--- The records ---

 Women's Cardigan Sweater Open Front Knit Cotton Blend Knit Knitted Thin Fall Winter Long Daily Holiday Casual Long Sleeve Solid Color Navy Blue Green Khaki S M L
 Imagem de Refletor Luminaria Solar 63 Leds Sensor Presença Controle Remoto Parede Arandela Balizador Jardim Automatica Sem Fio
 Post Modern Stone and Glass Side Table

---
--- The records ---

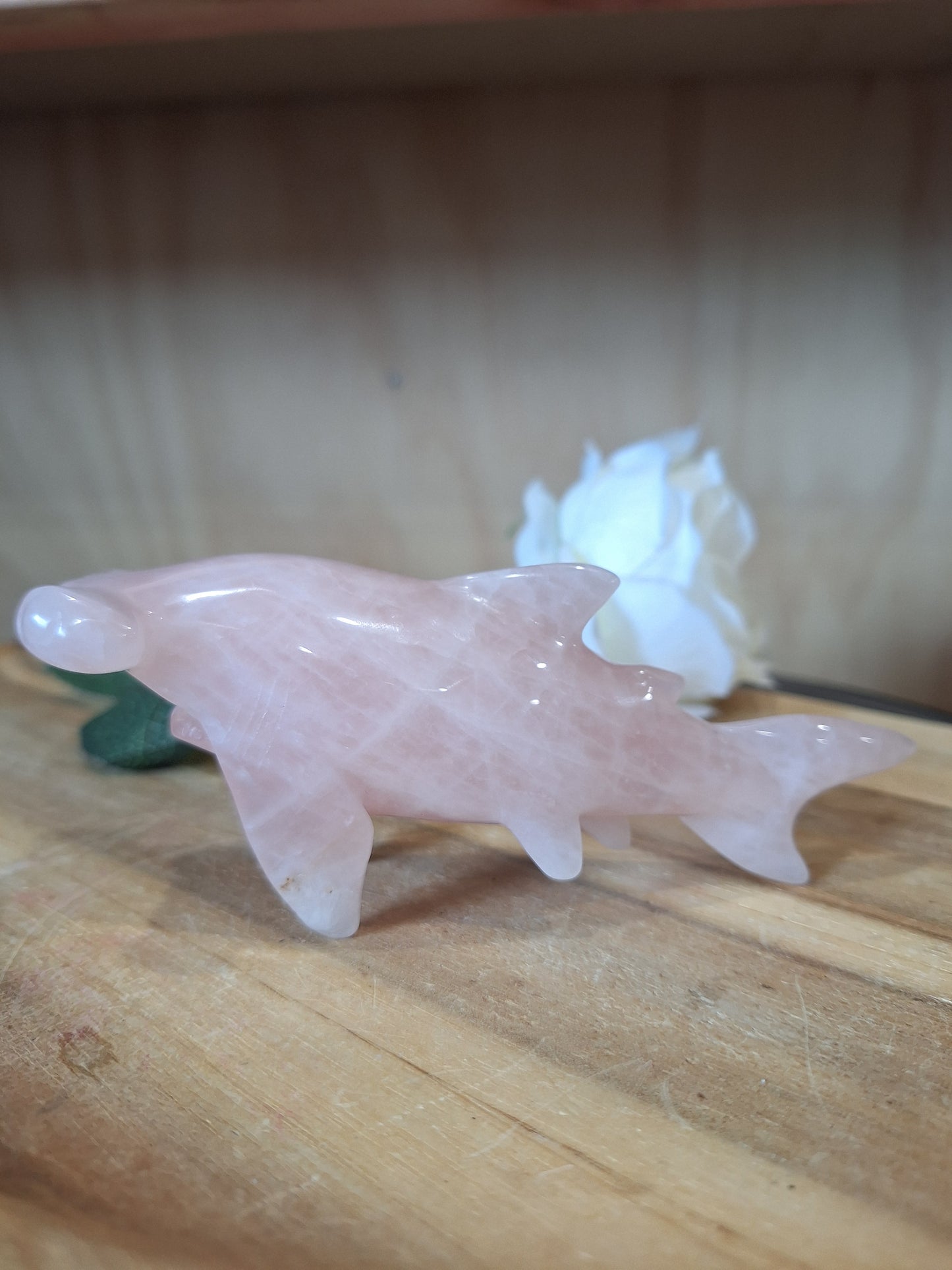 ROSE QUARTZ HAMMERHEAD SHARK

---

* **What you have to do**:
Your answer should be the exact lines above from the one with "Women's Cardigan Sweater" through the one with "Post Modern Stone and Glass Side Table", both included, and nothing besides.

* **The completed task**:
 Women's Cardigan Sweater Open Front Knit Cotton Blend Knit Knitted Thin Fall Winter Long Daily Holiday Casual Long Sleeve Solid Color Navy Blue Green Khaki S M L
 Imagem de Refletor Luminaria Solar 63 Leds Sensor Presença Controle Remoto Parede Arandela Balizador Jardim Automatica Sem Fio
 Post Modern Stone and Glass Side Table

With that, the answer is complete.